The New York State Nurses Association, which represents 36,000 registered nurses statewide, said 1199 SEIU has mounted a campaign in recent months to convince nurses to switch affiliations with tactics such as roaming hospitals to recruit new members, mostly during the night shift. Most recently, the union alleged, 1199 members ambushed its nurses at Peninsula Hospital Center in Queens, where nurses voted in May in favor of new representation. “It’s a campaign of seduction and it’s a campaign of deceit and it’s what they do best,” the New York State Nurses Association’s director of collective bargaining, Lorraine Seidel, said on Friday.
Officials at 1199 SEIU, which represents 6,000 New York City nurses, said the opposite is true. Nurses at Peninsula sought 1199 representation on their own, they said. Further, they said the New York union has affiliated itself with a national union, the California Nurses Association/National Nurses Organizing Committee, an 80,000-member group that has clashed with the Service Employees International Union in recent months — particularly in Ohio, where SEIU accused it of “union busting.” The New York union said the two are not affiliated.
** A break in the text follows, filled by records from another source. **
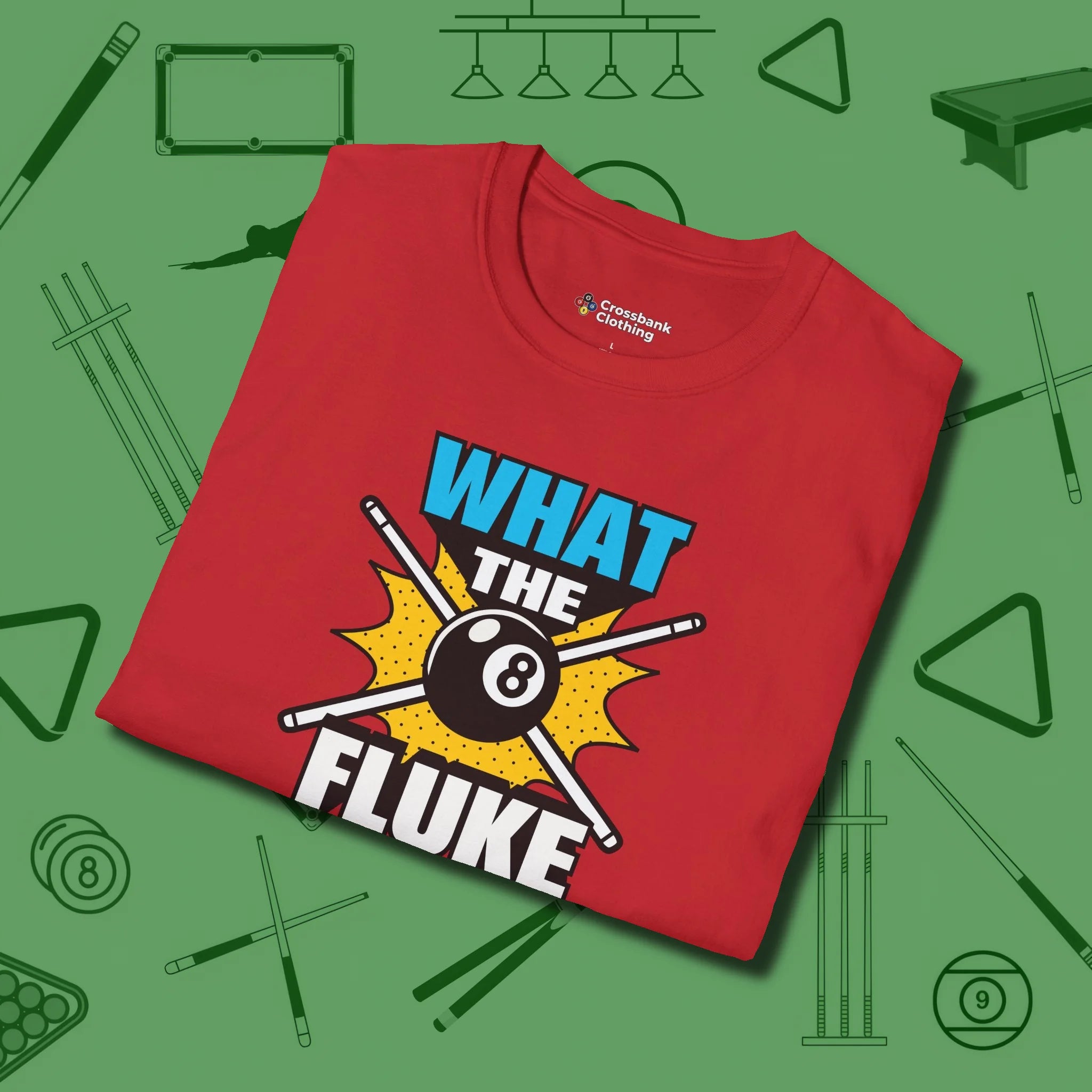 What The Fluke Funny T-Shirt, folded view, in Red fashion with break-and-run energy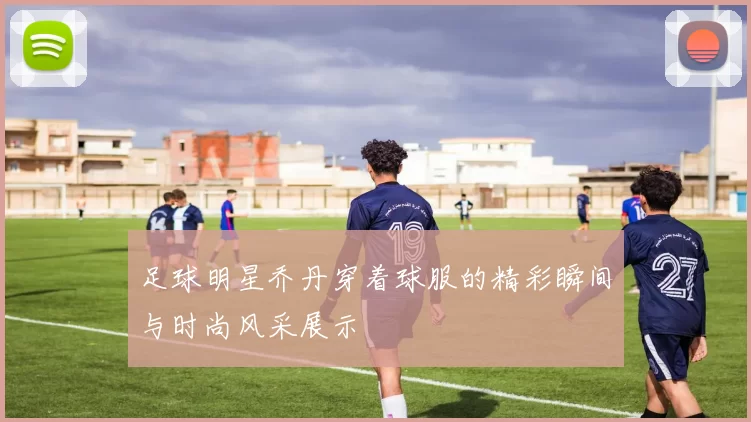 足球明星乔丹穿着球服的精彩瞬间与时尚风采展示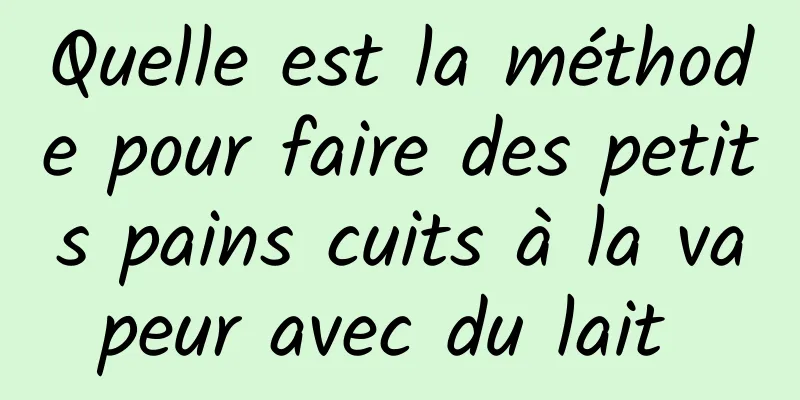 Quelle est la méthode pour faire des petits pains cuits à la vapeur avec du lait 
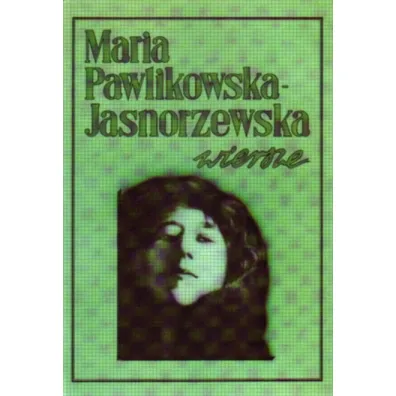 Wiersze - Maria Pawlikowska-Jasnorzewska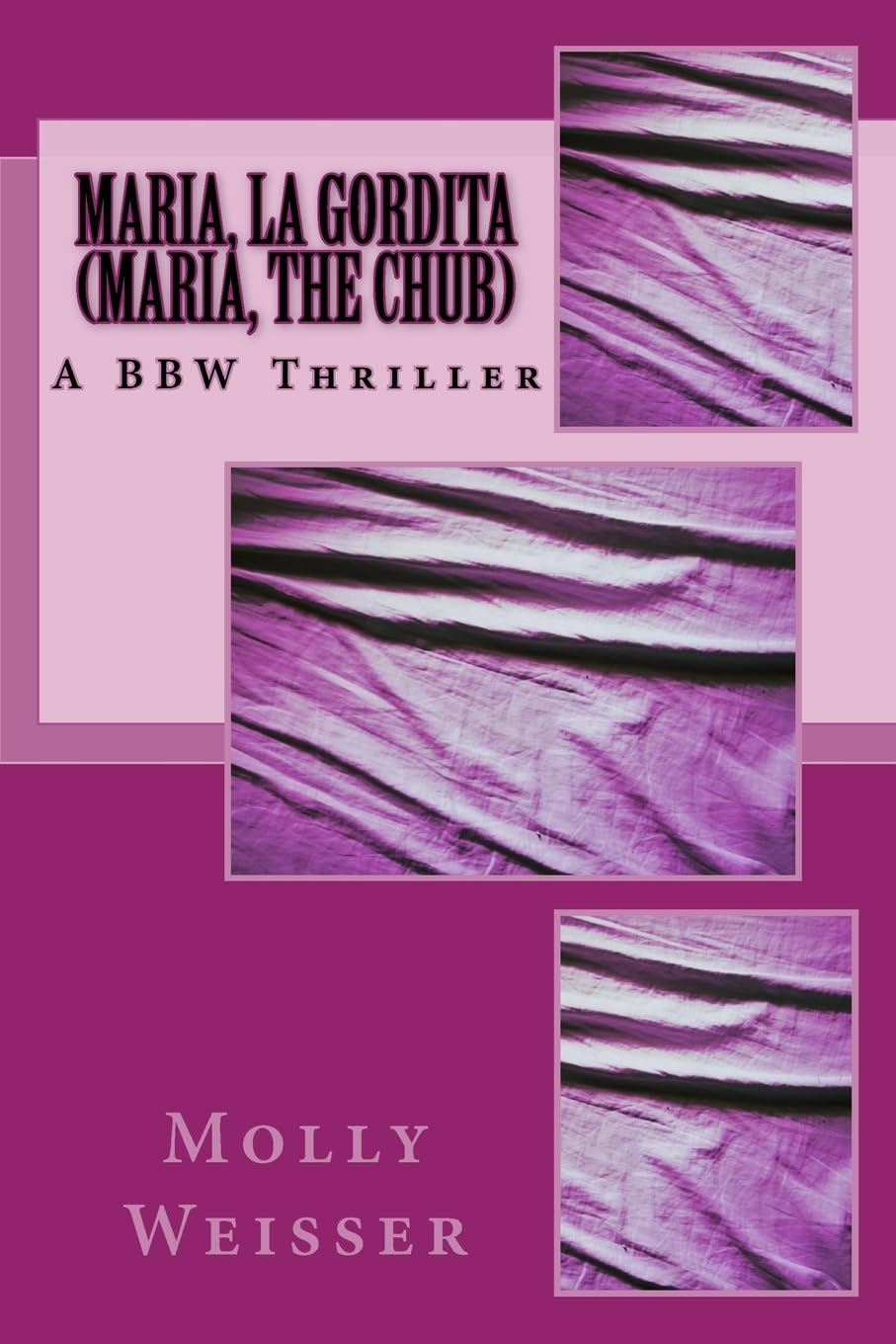 Maria, La Gordita (Maria, the Chub): A modern thriller starring a BBW (Big Beautiful Woman) who enjoys love, romance, and (most importantly) food. (A Fofo Maria Story, Band 1) Action & Adventure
In New York, 1199 officials said, the California Nurses Association recently began distributing anti-SEIU leaflets at hospitals including St. Barnabas Hospital in the Bronx. “They are raiding SEIU hospitals in West Virginia, Iowa, they’re all over,” 1199 SEIU’s organizing director, Amy Gladstein, said. Rejecting allegations that her organization was doing the same, she said, “We have nurses all the time, calling 1199 and saying they want to be part of 1199.”
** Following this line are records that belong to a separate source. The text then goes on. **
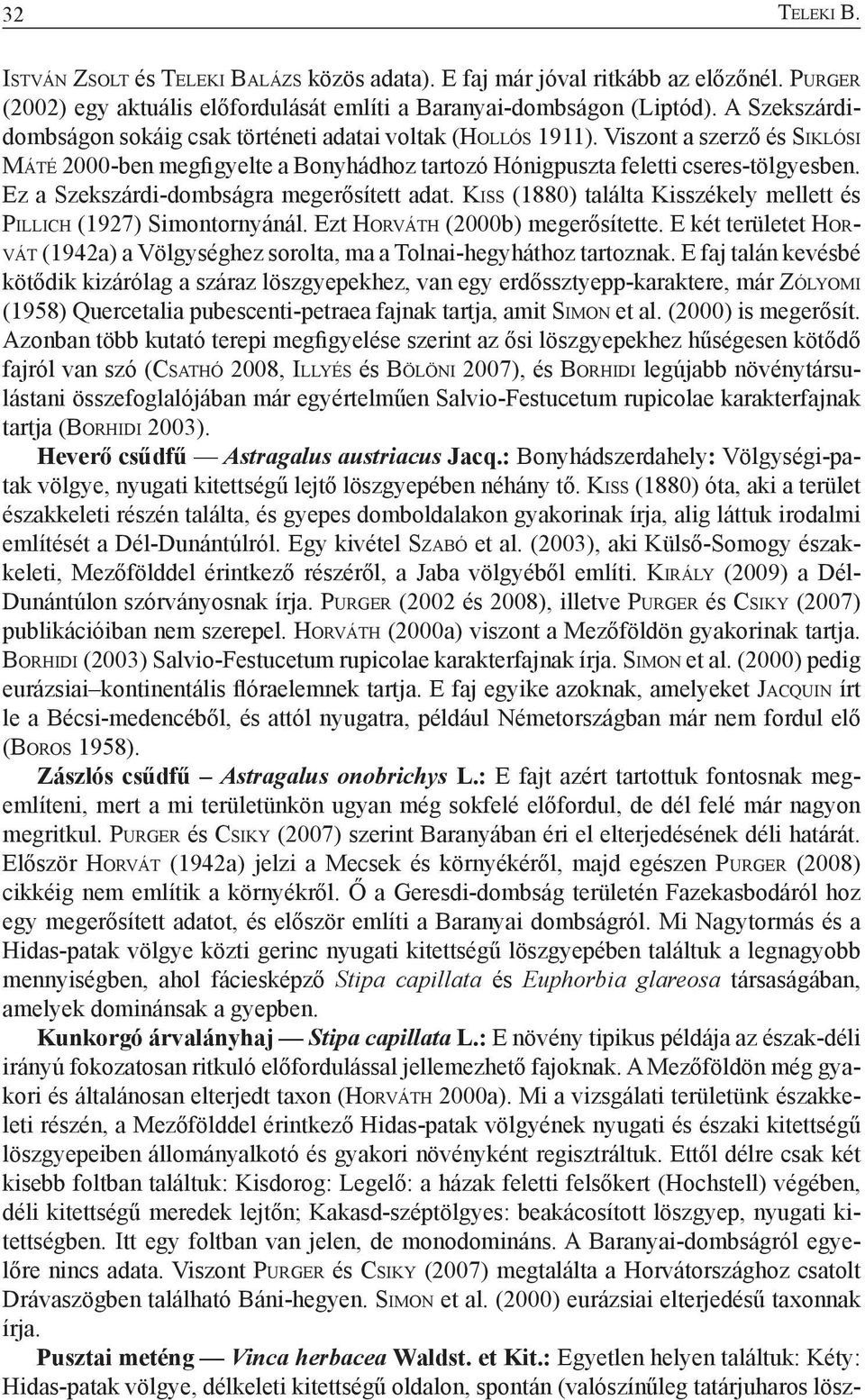 Ez a Szekszárdi-dombságra megerősített adat. Kiss (1880) találta Kisszékely mellett és Pi l l i c h (1927) Simontornyánál. Ezt Ho rv á t h (2000b) megerősítette.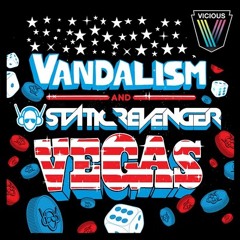 Vegas (Vandalism Club Mix)- Static Revenger, Vandalism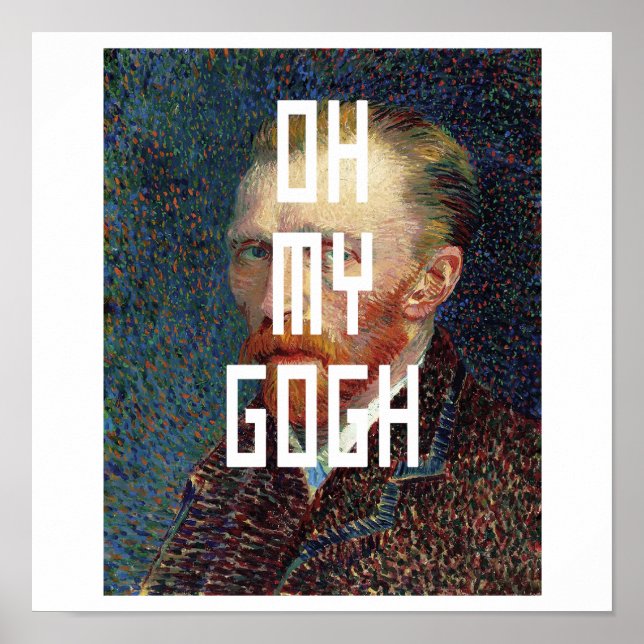 Oh My Gogh Funny Vincent Van Gogh Meme Poster (Framsidan)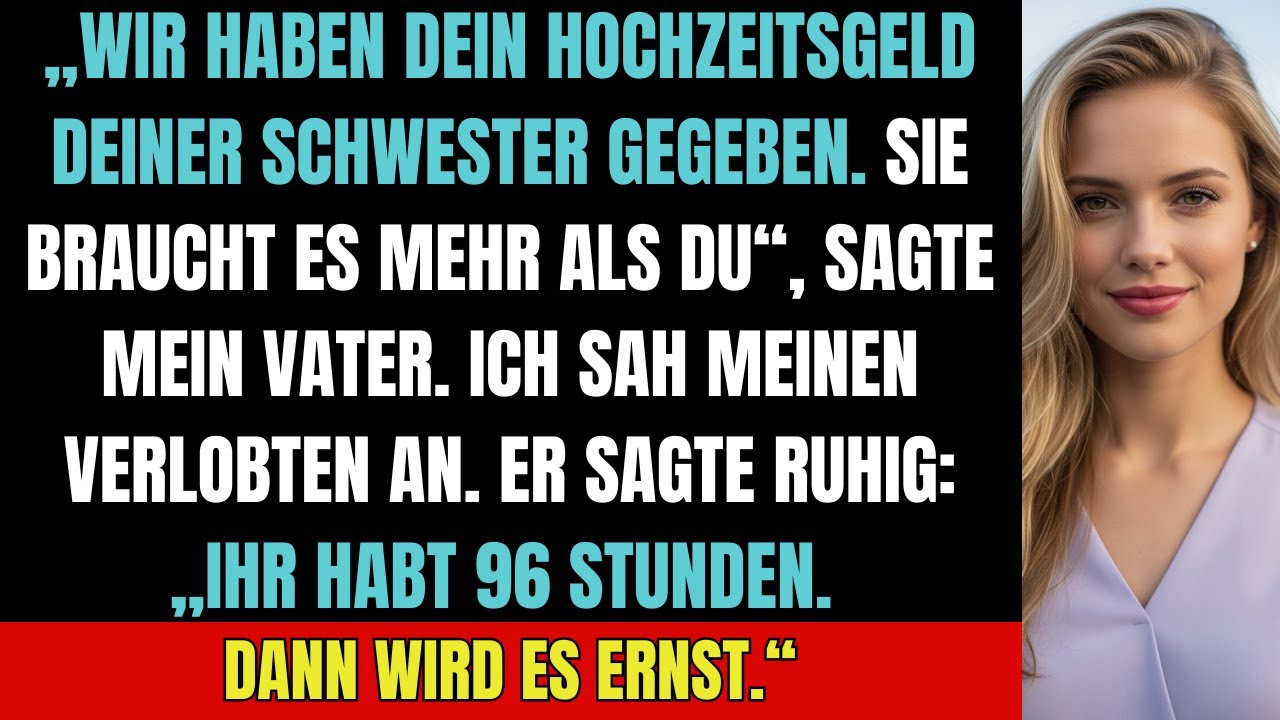 Meine Eltern gaben mein Hochzeitsgeld meiner Schwester – mein Verlobter stellte ihnen 96 Stunden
At stake is the membership of thousands of nurses throughout the state and country. 1199 SEIU and its umbrella organization, the Service Employees International Union, have openly said the union seeks to unify all unionized nurses as part of an effort to some day organize nonunion nurses. The New York State Nurses Association seeks to remain a nurses-only group. “We certainly didn’t want to be swallowed up by a union of pot men, janitors,” Ms. Seidel said.
It is not the first time SEIU has been accused of heavy-handed tactics. In April, the California Nurses Association accused SEIU members of physically assaulting some of its members at a labor conference in Michigan. Subsequently, a California Superior Court issued a temporary restraining order to prevent the union and its president, Andy Stern, from stalking and harassing members of the California-based union. SEIU officials at the time presented a different account of the incident, and said no conference attendees were assaulted.
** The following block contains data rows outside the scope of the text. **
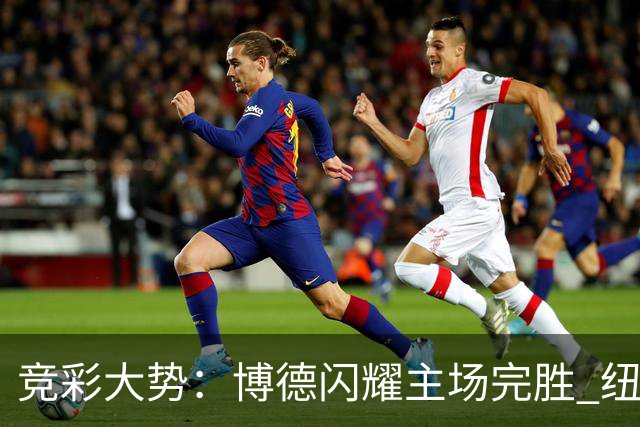 竞彩大势：博德闪耀主场完胜 纽约城值得高看
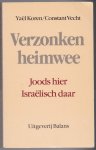 Koren, Yaèl en Vecht, Constant - Verzonek heimwee. Joods hier, Israëlisch daar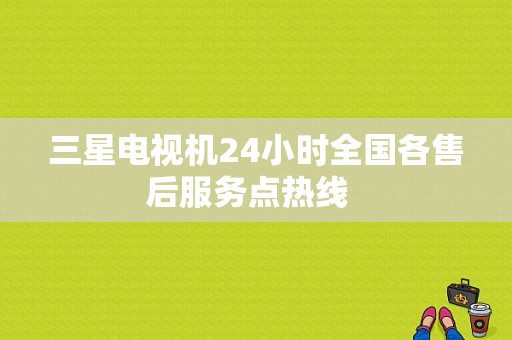三星电视机24小时全国各售后服务点热线  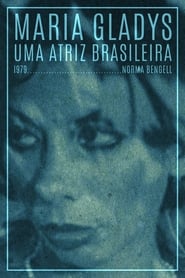 Maria Gladys Uma Atriz Brasileira' Poster
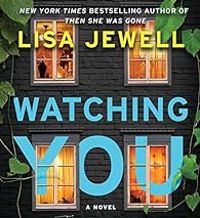 Couverture du livre Watching you - Lisa Jewell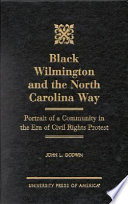 Black Wilmington and the North Carolina way : portrait of a community in the era of civil rights protest /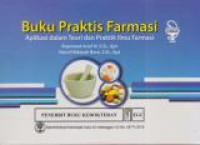 Image of Buku Praktis Farmasi : Aplikasi dalam Teori dan Praktik Ilmu Farmasi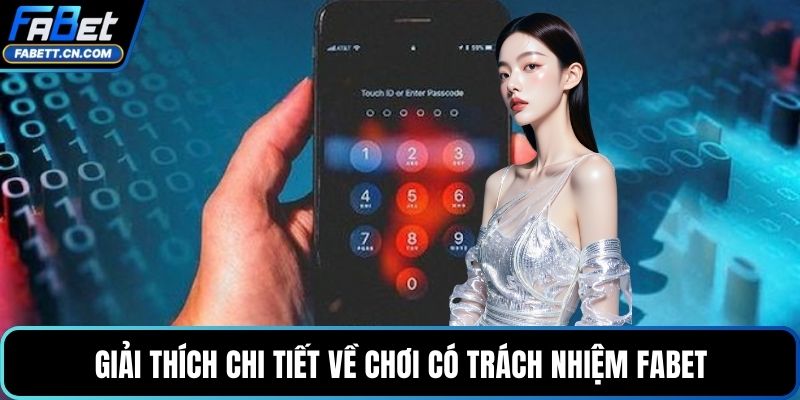 Giải thích chi tiết về chơi có trách nhiệm FABET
Even as the dispute escalated in New York, SEIU members attending the union’s conference in Puerto Rico this week passed a no-raid resolution in response to the conflict with the California Nurses Association.
Officials at the New York State Nurses Association questioned the integrity of the resolution, which coincides with discrete — and overt — campaigns to bring on new nurse members.
Officials from 1199 flatly denied that account. “While they are on that page, when their nurses come to us and say they want a different kind of representation, we’re going to answer that call,” Ms. Gladstein said.